Thomas R. Cupps

Corticosteroid-mediated immunoregulation in man.

Glucocorticoids have profound and complex effects on the human immune response. However, the precise mechanisms of the corticosteroid-induced immunoregulation in man have not been precisely defined. Intracytoplasmic corticosteroid-specific receptors appear to be an important common pathway for steroid-induced changes, but variations of receptor parameters do not account for the multifaceted effects on the immune system.

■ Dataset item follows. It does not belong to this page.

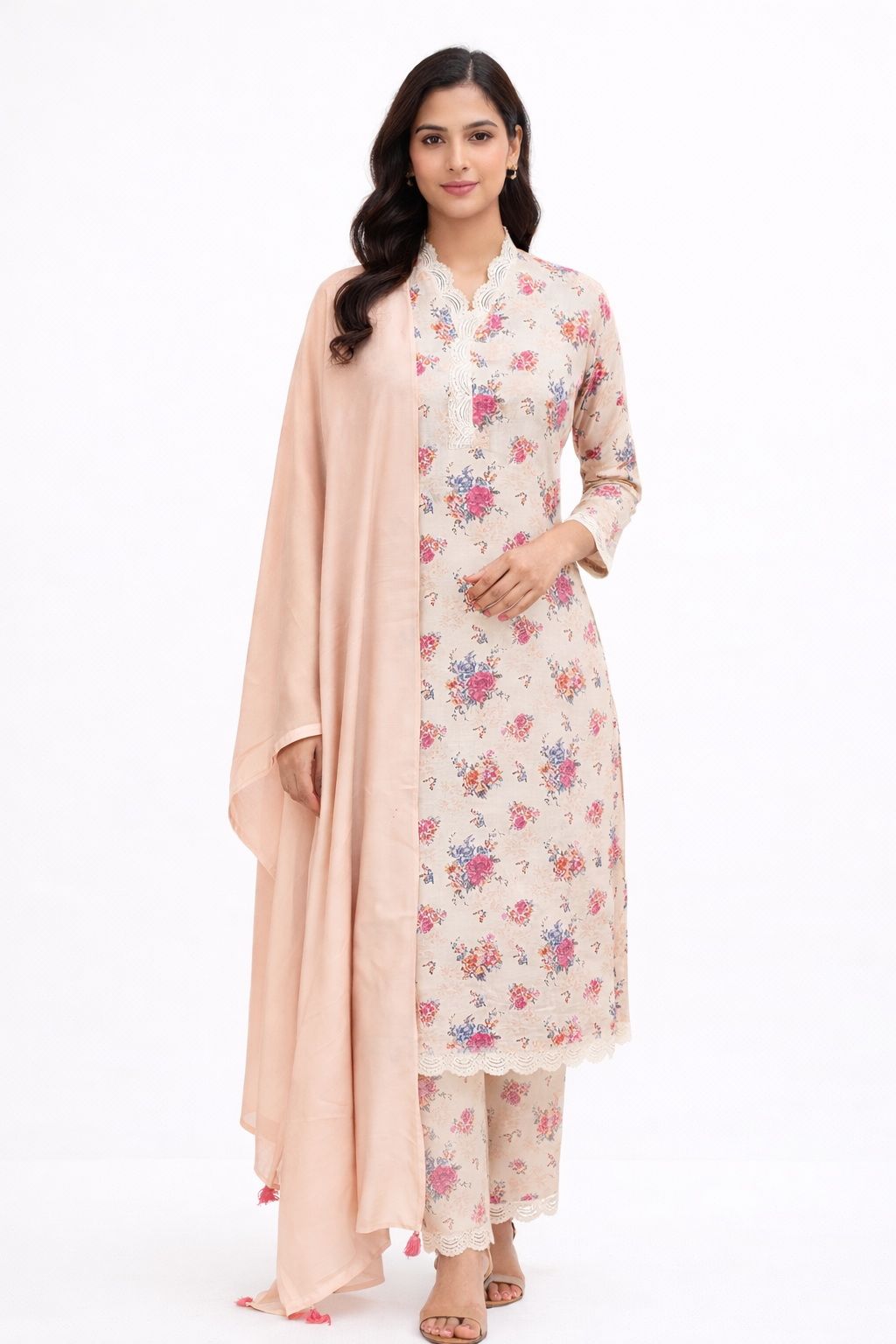 Peach Floral Printed Linen Kurti Set with Pant & Chanderi Dupatta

Human circulating mononuclear cells redistribute out of the intravascular compartment following treatment with corticosteroids. Although certain components at this redistribution phenomenon have been well-characterized, the importance of this compartmental cellular shift with respect to the mechanisms of corticosteroid-induced immunoregulation are less well-defined. Recent observations that activated lymphocytes may be sensitive to the lytic effects of glucocorticoids suggest that under certain situations the elimination of selected subsets of cells may be a relevant mechanism of corticosteroid-mediated immunoregulation in man. Corticosteroid-mediated effects on monocyte function may be an important mechanism of drug-induced immunoregulation in monocyte-dependent responses. In some experimental conditions, corticosteroids inhibit Interleukin 1 production by monocytes. The immunoregulatory effects of corticosteroids on lymphocyte immune responses are complex. In vitro corticosteroids appear to selectively affect early immunoregulatory events as opposed to altering an established response. Multiple sites of steroid-induced modulations of human B cell responses have been defined.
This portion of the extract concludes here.